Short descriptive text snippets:
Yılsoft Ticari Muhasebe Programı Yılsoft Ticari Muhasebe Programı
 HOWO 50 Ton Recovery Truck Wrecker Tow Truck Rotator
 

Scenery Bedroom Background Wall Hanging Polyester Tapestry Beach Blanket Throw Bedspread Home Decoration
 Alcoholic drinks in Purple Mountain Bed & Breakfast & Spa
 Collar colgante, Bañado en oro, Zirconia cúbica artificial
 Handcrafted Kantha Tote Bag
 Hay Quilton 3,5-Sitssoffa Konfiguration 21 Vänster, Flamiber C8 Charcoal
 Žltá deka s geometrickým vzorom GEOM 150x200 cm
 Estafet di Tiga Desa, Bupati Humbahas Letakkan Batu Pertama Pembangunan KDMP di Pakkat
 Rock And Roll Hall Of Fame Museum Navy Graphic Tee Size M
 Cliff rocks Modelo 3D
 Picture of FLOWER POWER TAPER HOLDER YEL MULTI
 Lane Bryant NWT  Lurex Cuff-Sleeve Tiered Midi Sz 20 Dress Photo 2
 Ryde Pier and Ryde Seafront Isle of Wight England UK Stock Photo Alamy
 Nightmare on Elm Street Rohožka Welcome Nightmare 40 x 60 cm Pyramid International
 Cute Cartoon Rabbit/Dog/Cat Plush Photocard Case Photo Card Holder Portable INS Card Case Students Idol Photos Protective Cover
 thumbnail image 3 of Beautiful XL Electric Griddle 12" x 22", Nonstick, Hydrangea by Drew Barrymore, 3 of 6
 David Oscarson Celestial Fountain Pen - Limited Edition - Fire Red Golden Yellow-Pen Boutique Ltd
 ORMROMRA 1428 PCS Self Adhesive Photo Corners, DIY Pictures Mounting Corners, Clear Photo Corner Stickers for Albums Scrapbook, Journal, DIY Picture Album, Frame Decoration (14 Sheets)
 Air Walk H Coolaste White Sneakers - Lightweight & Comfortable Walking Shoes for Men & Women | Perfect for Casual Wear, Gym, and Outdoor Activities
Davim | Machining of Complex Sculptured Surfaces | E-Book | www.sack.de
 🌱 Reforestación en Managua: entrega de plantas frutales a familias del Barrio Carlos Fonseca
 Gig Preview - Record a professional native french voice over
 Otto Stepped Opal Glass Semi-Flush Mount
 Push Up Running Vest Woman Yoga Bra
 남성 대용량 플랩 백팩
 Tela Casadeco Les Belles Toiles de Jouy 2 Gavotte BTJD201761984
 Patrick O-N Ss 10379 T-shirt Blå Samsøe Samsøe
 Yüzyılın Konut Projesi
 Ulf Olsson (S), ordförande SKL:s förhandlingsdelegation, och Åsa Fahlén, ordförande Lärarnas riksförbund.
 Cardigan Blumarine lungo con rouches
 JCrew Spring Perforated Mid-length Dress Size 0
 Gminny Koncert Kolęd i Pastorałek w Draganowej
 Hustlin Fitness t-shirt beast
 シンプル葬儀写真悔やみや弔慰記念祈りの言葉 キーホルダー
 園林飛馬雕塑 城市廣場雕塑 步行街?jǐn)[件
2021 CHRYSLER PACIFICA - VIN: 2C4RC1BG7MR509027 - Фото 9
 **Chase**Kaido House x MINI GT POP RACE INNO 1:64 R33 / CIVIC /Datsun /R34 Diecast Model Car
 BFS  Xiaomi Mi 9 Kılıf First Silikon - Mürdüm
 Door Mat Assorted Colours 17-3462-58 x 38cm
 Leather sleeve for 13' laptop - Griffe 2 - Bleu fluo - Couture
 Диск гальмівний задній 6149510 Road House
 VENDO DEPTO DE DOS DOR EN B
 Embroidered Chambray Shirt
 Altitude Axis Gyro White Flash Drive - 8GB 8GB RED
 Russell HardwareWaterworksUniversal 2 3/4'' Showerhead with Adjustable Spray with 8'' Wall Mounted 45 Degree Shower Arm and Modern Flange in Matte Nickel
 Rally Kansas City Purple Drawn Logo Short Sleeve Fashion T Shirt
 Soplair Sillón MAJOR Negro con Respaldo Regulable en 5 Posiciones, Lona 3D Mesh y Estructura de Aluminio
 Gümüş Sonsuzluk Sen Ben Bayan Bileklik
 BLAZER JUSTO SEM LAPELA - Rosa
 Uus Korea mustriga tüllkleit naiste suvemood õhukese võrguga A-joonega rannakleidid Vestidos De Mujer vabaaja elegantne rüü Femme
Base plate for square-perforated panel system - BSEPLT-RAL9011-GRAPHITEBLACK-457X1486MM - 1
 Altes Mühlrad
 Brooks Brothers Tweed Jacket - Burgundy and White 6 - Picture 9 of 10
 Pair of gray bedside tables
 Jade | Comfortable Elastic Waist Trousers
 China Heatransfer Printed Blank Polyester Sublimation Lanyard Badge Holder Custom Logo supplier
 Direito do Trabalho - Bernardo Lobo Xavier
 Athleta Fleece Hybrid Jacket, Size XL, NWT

Task directions: Begin at the first line of the entries above and copy every line exactly, ending with the line that contains "Yüzyılın Konut Projesi".

Task result:
Yılsoft Ticari Muhasebe Programı Yılsoft Ticari Muhasebe Programı
 HOWO 50 Ton Recovery Truck Wrecker Tow Truck Rotator
 

Scenery Bedroom Background Wall Hanging Polyester Tapestry Beach Blanket Throw Bedspread Home Decoration
 Alcoholic drinks in Purple Mountain Bed & Breakfast & Spa
 Collar colgante, Bañado en oro, Zirconia cúbica artificial
 Handcrafted Kantha Tote Bag
 Hay Quilton 3,5-Sitssoffa Konfiguration 21 Vänster, Flamiber C8 Charcoal
 Žltá deka s geometrickým vzorom GEOM 150x200 cm
 Estafet di Tiga Desa, Bupati Humbahas Letakkan Batu Pertama Pembangunan KDMP di Pakkat
 Rock And Roll Hall Of Fame Museum Navy Graphic Tee Size M
 Cliff rocks Modelo 3D
 Picture of FLOWER POWER TAPER HOLDER YEL MULTI
 Lane Bryant NWT  Lurex Cuff-Sleeve Tiered Midi Sz 20 Dress Photo 2
 Ryde Pier and Ryde Seafront Isle of Wight England UK Stock Photo Alamy
 Nightmare on Elm Street Rohožka Welcome Nightmare 40 x 60 cm Pyramid International
 Cute Cartoon Rabbit/Dog/Cat Plush Photocard Case Photo Card Holder Portable INS Card Case Students Idol Photos Protective Cover
 thumbnail image 3 of Beautiful XL Electric Griddle 12" x 22", Nonstick, Hydrangea by Drew Barrymore, 3 of 6
 David Oscarson Celestial Fountain Pen - Limited Edition - Fire Red Golden Yellow-Pen Boutique Ltd
 ORMROMRA 1428 PCS Self Adhesive Photo Corners, DIY Pictures Mounting Corners, Clear Photo Corner Stickers for Albums Scrapbook, Journal, DIY Picture Album, Frame Decoration (14 Sheets)
 Air Walk H Coolaste White Sneakers - Lightweight & Comfortable Walking Shoes for Men & Women | Perfect for Casual Wear, Gym, and Outdoor Activities
Davim | Machining of Complex Sculptured Surfaces | E-Book | www.sack.de
 🌱 Reforestación en Managua: entrega de plantas frutales a familias del Barrio Carlos Fonseca
 Gig Preview - Record a professional native french voice over
 Otto Stepped Opal Glass Semi-Flush Mount
 Push Up Running Vest Woman Yoga Bra
 남성 대용량 플랩 백팩
 Tela Casadeco Les Belles Toiles de Jouy 2 Gavotte BTJD201761984
 Patrick O-N Ss 10379 T-shirt Blå Samsøe Samsøe
 Yüzyılın Konut Projesi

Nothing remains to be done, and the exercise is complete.